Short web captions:
------------

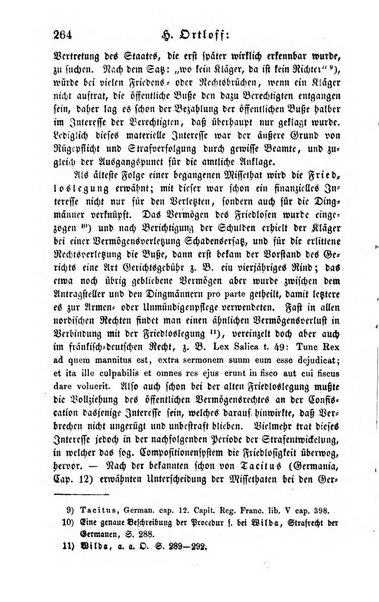 Zeitschrift fur deutsches Recht und deutsche Rechtswissenschaft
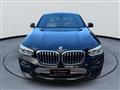 BMW X4 (G02/F98) -  xDrive20d Msport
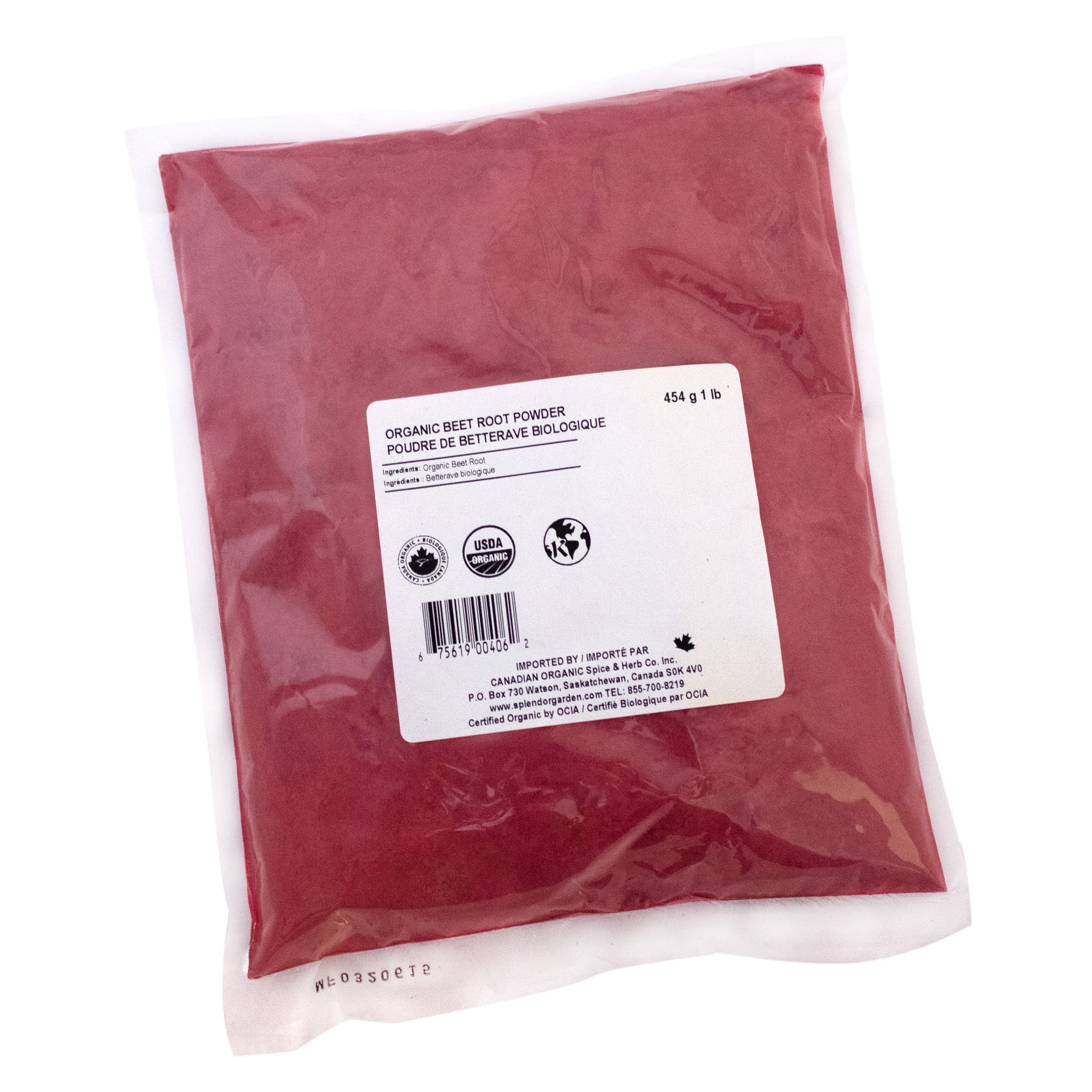 Wholesale Beet Root Powder - Image 2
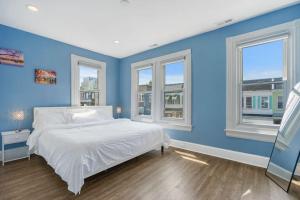 Stunning Renovated DC Home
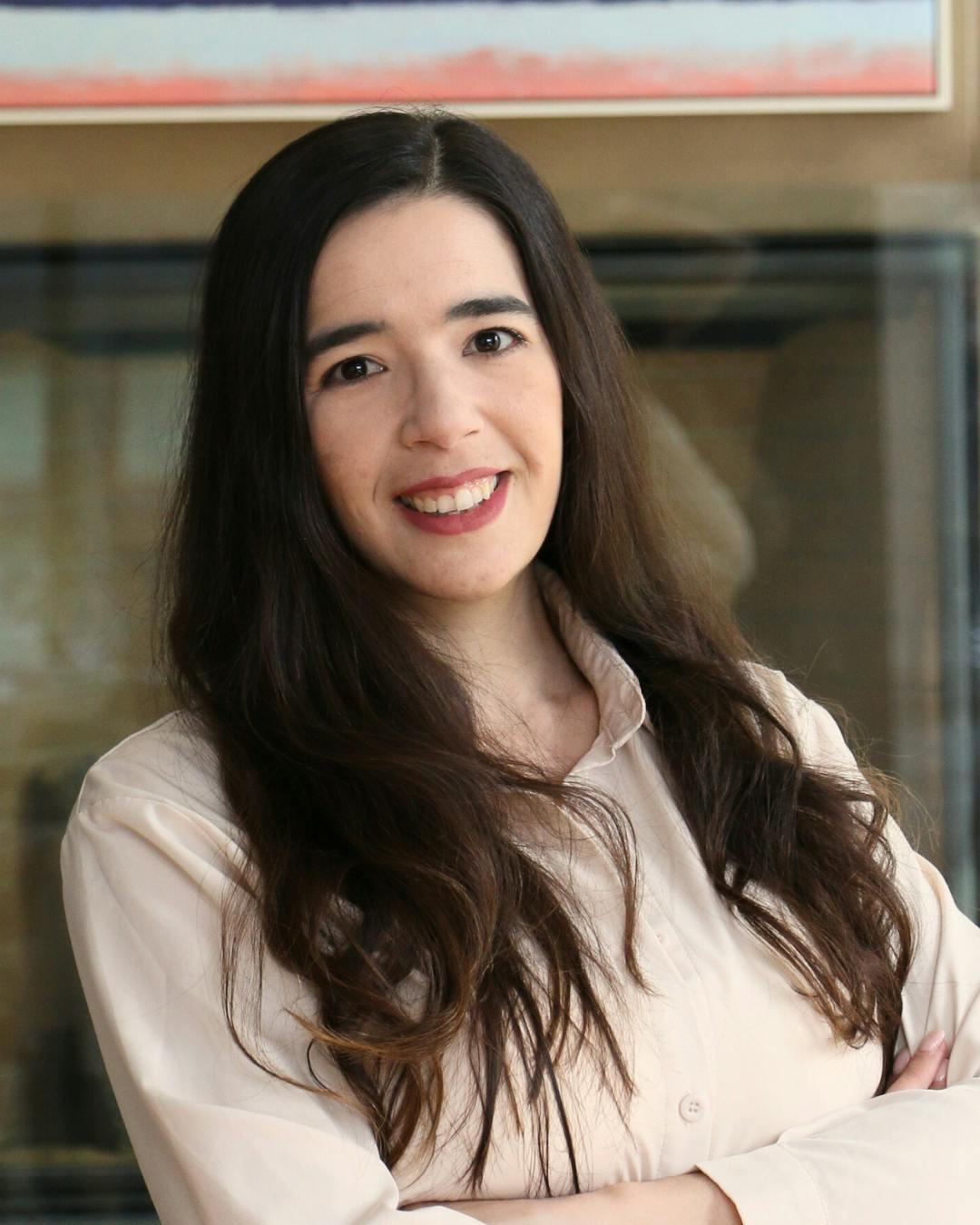 Picture of Rosangela Solorzano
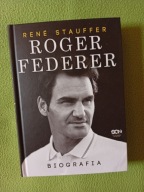 Roger Federer Biografia - Rene Stauffer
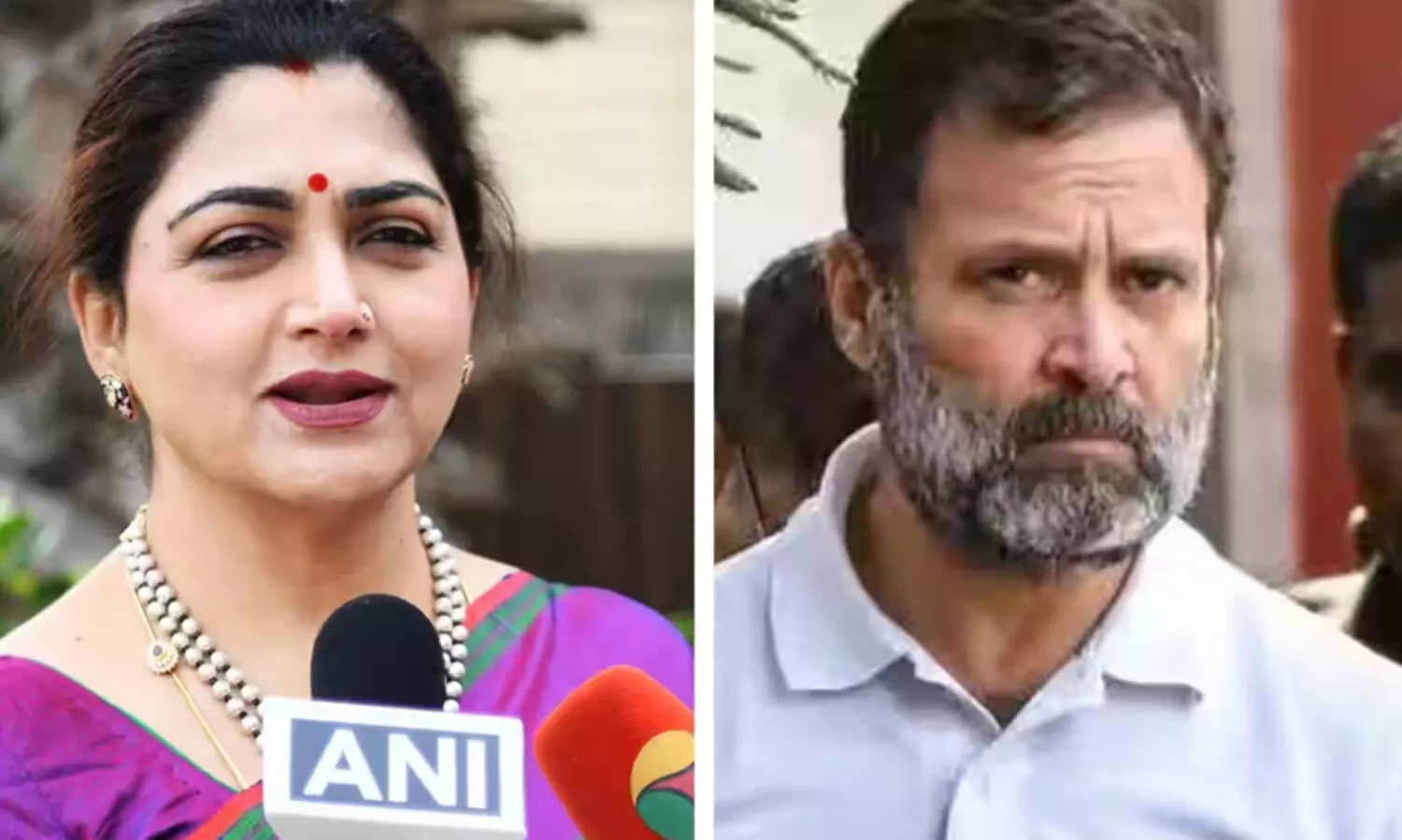 ‘മോദി എന്നതിന്റെ അർഥം അഴിമതി എന്നാക്കാം...’; ഖുശ്ബുവിന്‍റെ പഴയ ട്വീറ്റ് വൈറൽ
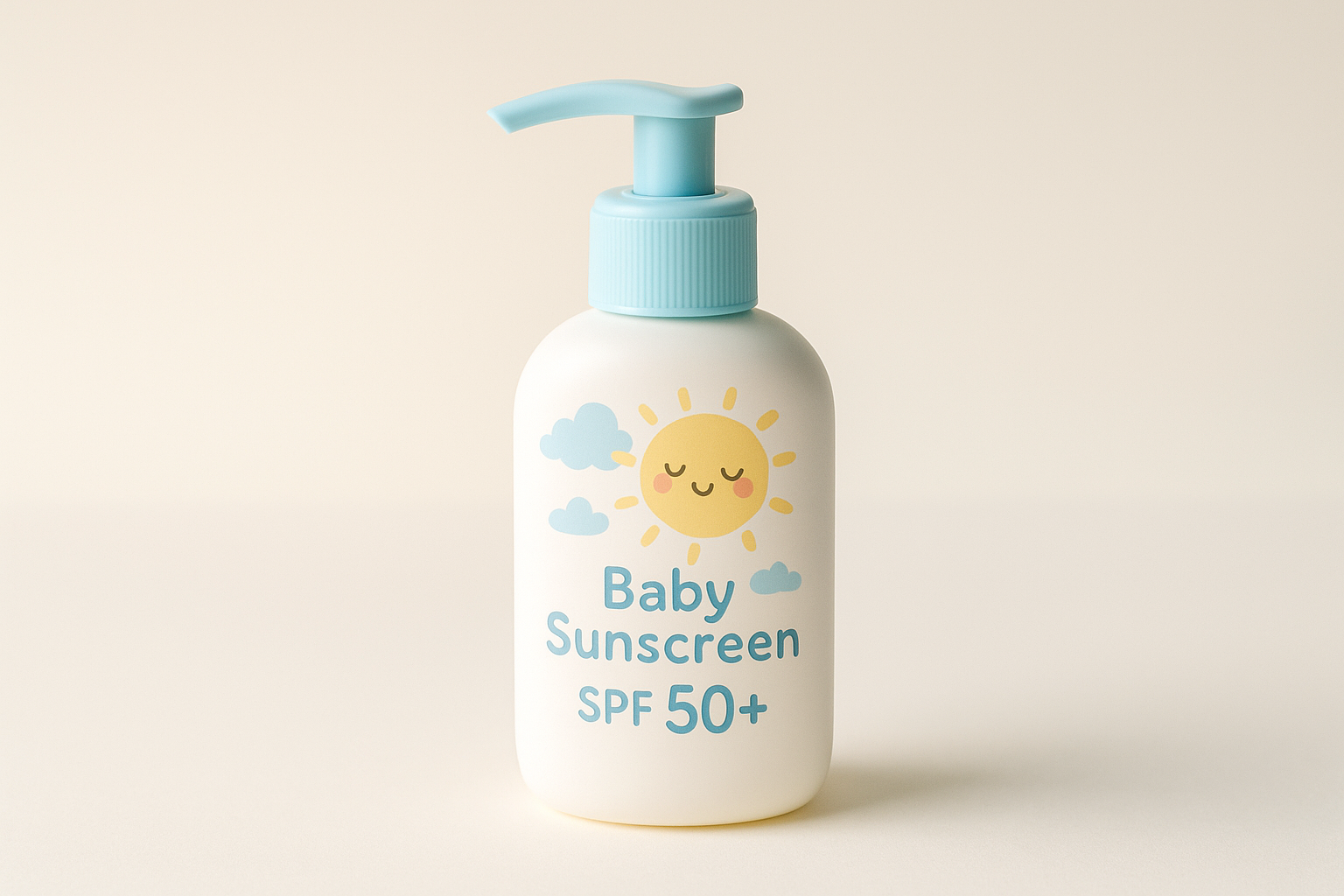 Wholesale Sunscreens for Baby Care: What Retailers Need to Know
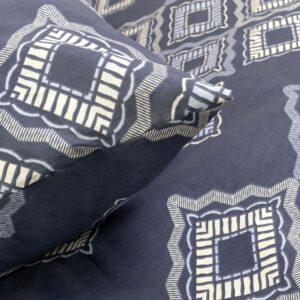 Pościel bawełniana DORA/160x200 COTTONLOVE EXCLUSIVE
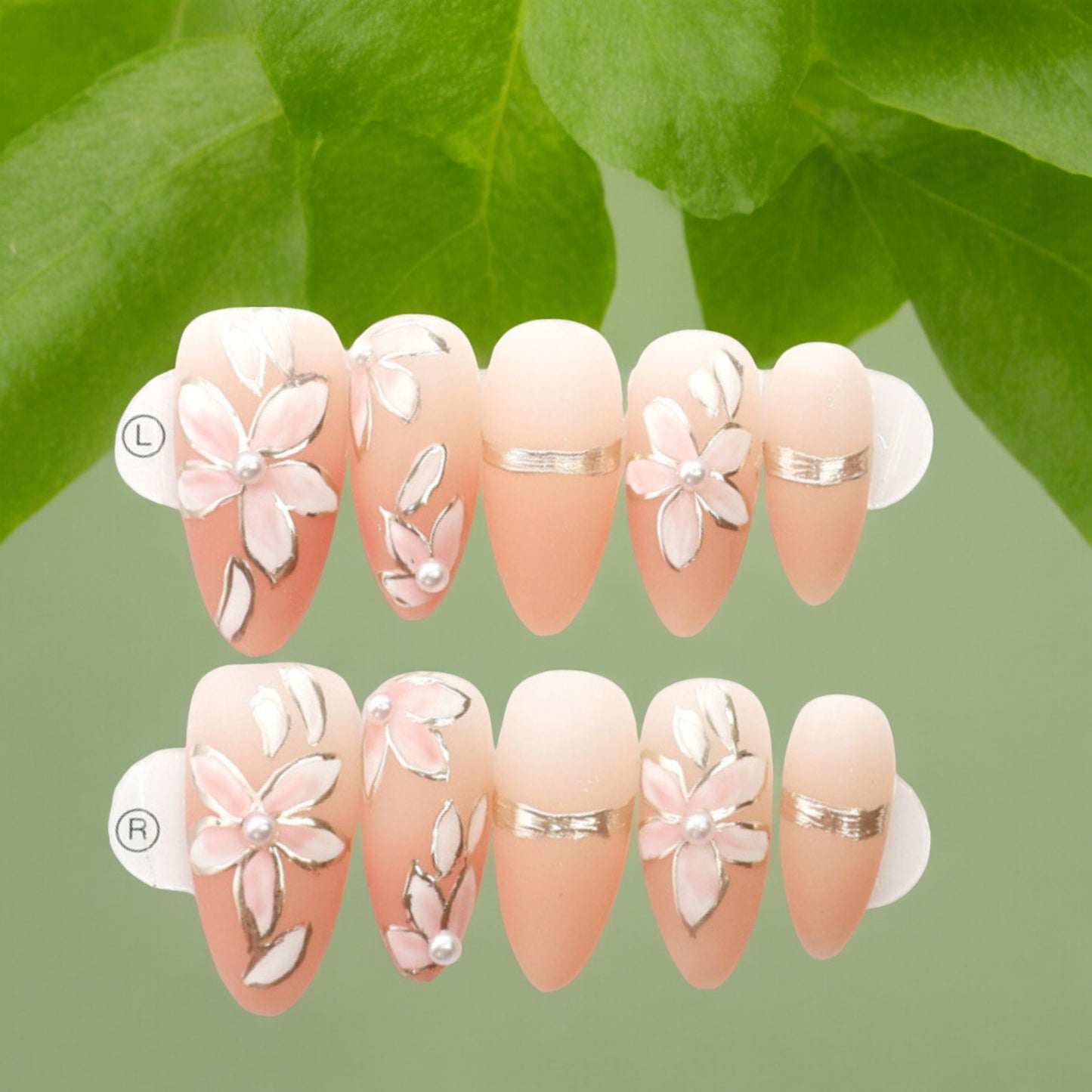 Pink Lotus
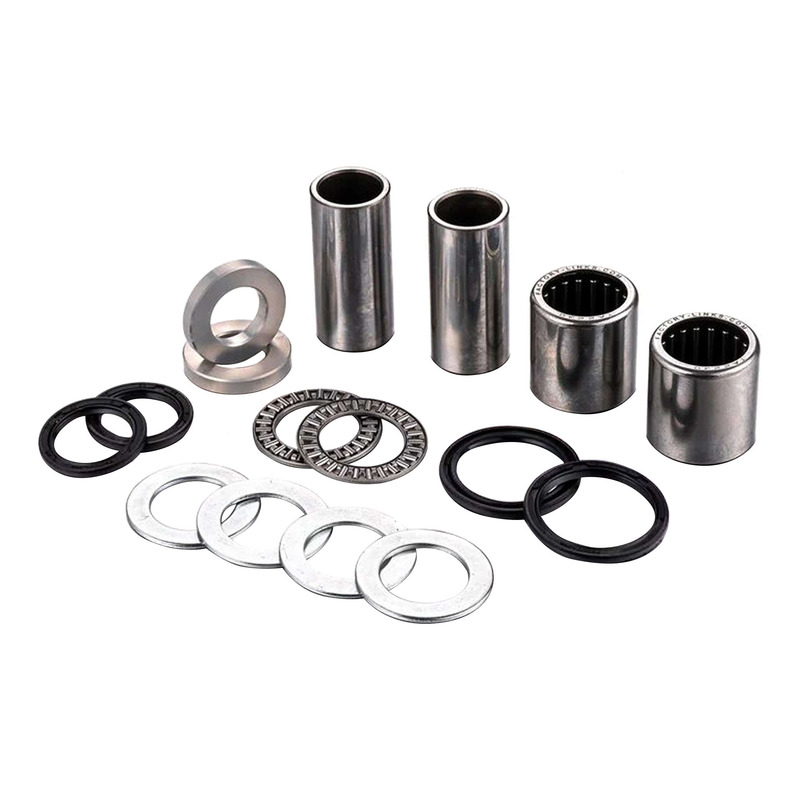 Kit Roulements de Bras Oscillant FACTORY LINKS pour Honda 250/450 CRF 20-24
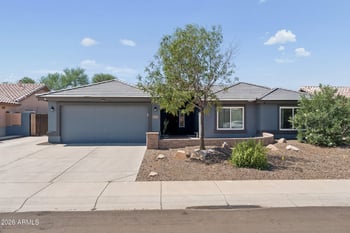 6319 W Villa Maria Dr, Glendale, AZ 85308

------------

- [WHAT YOU ARE ASKED TO DO] All records, pictures excluded: copy them exactly.

- [TASK SOLUTION]
 Zeitschrift fur deutsches Recht und deutsche Rechtswissenschaft
 BMW X4 (G02/F98) -  xDrive20d Msport
 Wholesale Beet Root Powder - Image 2
 Stunning Renovated DC Home
 Picture of Rosangela Solorzano
 Roger Federer Biografia - Rene Stauffer
 ‘മോദി എന്നതിന്റെ അർഥം അഴിമതി എന്നാക്കാം...’; ഖുശ്ബുവിന്‍റെ പഴയ ട്വീറ്റ് വൈറൽ
 Wholesale Sunscreens for Baby Care: What Retailers Need to Know
 Pościel bawełniana DORA/160x200 COTTONLOVE EXCLUSIVE
 Pink Lotus
 Kit Roulements de Bras Oscillant FACTORY LINKS pour Honda 250/450 CRF 20-24
 6319 W Villa Maria Dr, Glendale, AZ 85308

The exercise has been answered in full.